This season’s warmth is a ray of sunshine for local businesses.

After weathering last year’s record-low temperatures and a chilly January, resorts and other businesses are reporting that tourists are fleeing the cold for fun in the sun.

“It was like someone flipped a switch when the weather finally turned great in mid-February,” said Mary Kay Ryan, director of sales at the Longboat Key Club and Resort.

At the Key Club, call volume increased by 150 calls a week mid-February. Typically, anywhere from 26% to 30% of inquiries are converted to reservations, but some weeks, the rate has been as high as 43% to 44%. March bookings are currently 12% ahead of March of last year.

At the 106-unit Casa del Mar, General Manager D.M. Williams said that this year’s fiscal year, which began Oct. 1, is running slightly ahead of last year’s, and that demand is picking up.

“We’ve been taking a lot of reservations with the weather the way it is,” Williams said. “Probably by the middle of February, I could hear the phones ringing more.”

Karen Rangel, regional director of sales at Ocean Properties Ltd., which owns the Longboat Key Hilton Beachfront Resort, Lido Beach Resort and Holiday Inn Lido Beach, estimated that bookings for March and April at all three properties are up by approximately 10% from last year.

“I think Mother Nature plays a huge role in this when you think of all the cold weather they were getting up North and the fact that the weather here has been nothing short of delightful,” Rangel said.

The warm temperatures have been good for other businesses.

Lazy Lobster Longboat Key owner Michael Garey said that this season, he has been able to seat diners at the restaurant’s outdoor terrace, something that last year’s weather prevented until April.

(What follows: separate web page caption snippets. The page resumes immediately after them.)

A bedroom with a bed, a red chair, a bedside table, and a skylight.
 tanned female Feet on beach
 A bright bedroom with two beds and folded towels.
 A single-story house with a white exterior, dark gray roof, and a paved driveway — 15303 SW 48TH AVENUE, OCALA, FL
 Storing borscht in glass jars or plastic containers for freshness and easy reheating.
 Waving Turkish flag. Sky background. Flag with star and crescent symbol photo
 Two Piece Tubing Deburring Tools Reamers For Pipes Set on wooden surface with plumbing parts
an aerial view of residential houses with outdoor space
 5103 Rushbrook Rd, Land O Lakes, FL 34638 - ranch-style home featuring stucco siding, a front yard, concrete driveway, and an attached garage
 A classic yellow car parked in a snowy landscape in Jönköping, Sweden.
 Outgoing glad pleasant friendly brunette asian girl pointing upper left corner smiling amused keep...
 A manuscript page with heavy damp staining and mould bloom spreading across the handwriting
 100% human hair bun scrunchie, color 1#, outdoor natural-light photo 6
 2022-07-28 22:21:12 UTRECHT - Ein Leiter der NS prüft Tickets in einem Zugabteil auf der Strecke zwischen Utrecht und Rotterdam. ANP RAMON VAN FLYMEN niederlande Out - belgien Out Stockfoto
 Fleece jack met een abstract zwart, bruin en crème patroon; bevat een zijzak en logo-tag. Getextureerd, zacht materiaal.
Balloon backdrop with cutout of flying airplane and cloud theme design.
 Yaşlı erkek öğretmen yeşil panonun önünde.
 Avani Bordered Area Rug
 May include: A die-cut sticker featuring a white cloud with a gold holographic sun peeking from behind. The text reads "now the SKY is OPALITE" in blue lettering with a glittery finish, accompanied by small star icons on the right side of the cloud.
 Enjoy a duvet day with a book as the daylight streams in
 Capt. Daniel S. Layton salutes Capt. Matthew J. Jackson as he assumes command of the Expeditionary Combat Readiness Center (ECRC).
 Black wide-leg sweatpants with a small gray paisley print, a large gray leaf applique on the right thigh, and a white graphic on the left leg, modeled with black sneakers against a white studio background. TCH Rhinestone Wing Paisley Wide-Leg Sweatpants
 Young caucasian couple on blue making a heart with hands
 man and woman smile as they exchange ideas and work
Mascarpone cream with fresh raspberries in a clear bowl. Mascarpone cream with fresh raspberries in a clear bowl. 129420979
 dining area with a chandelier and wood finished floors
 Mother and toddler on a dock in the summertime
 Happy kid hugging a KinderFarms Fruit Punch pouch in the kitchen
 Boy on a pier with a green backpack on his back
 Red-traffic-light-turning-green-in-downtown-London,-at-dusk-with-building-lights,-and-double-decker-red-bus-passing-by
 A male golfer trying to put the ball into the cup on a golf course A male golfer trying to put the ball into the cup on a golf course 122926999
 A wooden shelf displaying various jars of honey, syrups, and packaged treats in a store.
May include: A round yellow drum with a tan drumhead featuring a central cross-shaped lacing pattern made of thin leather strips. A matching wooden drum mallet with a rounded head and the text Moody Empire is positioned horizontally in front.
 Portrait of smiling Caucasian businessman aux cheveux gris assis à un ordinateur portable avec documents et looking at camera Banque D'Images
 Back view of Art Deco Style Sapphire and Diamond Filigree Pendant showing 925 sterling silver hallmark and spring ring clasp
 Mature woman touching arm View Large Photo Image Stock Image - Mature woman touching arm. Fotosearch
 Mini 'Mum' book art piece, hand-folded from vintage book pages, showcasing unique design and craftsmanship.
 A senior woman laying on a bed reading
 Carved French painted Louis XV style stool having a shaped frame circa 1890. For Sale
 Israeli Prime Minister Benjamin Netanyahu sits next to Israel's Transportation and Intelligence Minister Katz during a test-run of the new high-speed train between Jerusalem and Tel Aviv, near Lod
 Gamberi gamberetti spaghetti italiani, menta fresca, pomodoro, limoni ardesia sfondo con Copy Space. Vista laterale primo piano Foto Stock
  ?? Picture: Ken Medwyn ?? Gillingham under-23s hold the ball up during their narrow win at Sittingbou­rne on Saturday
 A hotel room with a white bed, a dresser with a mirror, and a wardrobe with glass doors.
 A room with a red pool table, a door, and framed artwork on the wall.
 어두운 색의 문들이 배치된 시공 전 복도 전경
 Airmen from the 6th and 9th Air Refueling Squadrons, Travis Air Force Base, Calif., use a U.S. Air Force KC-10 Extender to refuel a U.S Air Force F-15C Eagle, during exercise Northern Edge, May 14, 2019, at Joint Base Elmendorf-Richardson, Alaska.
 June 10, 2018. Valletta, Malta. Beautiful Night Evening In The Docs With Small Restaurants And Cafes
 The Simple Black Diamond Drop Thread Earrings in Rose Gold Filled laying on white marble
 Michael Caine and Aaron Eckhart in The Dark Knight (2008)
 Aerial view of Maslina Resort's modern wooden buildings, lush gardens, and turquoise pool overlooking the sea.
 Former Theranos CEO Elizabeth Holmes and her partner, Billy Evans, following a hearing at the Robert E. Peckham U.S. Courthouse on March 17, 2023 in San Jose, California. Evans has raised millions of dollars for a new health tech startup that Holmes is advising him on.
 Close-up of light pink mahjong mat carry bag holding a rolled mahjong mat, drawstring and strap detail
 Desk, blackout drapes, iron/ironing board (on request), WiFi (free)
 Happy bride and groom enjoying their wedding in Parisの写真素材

As a result of the additional seats, the restaurant currently serves 450 dinners per night, compared to 275 to 300 last year.

“The terrace being available for an additional six weeks has been a major increase in business,” Garey said.

St. Armands Circle Association Executive Director Diana Corrigan said that many business owners have told her that last month was their best February ever. Corrigan said that businesses have benefited from the weather, which has drawn visitors to the area, and the fact that customers are gradually beginning to spend again.

Longboat Limousine/Liquid Limousine/Suncoast Sedans owner Jimmy Seaton said that the warm weather has resulted in an increase in boat charters.

“As soon as the weather turned nice, we had a flood of boat charters,” he said. “It was awful this time last year.”

With last-minute bookings being the new normal at hotels, it’s still too early to predict how strong this season’s numbers will be. Spring-breakers used to book reservations three months in advance, according to Rangel. Now, they book a week or two before their vacations.

At the Key Club, Ryan said that guests often book last-minute stays once they have checked the weather forecast. But, she said that the last-minute traffic is also the result of a shift in who is visiting the area.
Although the Key Club has lured visitors from its traditional markets such as the Northeast and Midwest, it is also attracting Floridians who want a short getaway.

“We always pull from Florida, but not with the percentages that we see now,” Ryan said.

The Easter effect
This year’s Easter falls on April 24 — 20 days later than last year’s Easter. So, will that impact this year’s season?

At the Longboat Key Club, Director of Sales Mary Kay Ryan said that Easter visits are shorter this year — three-to-four nights — than in years in which Easter fell earlier, which sometimes coincided with spring breaks, thus resulting in longer stays.

Casa del Mar General Manager D.M. Williams said that the resort is full through April 9 and will have a gap of a week or two before traffic spikes again for Easter weekend.

But, regardless of the traffic patterns, most resort officials and business owners agree that a late Easter is a good thing.

“It’s always good for us when Easter falls late, because that stretches out our season,” said Karen Rangel, regional director of sales at Ocean Properties Ltd.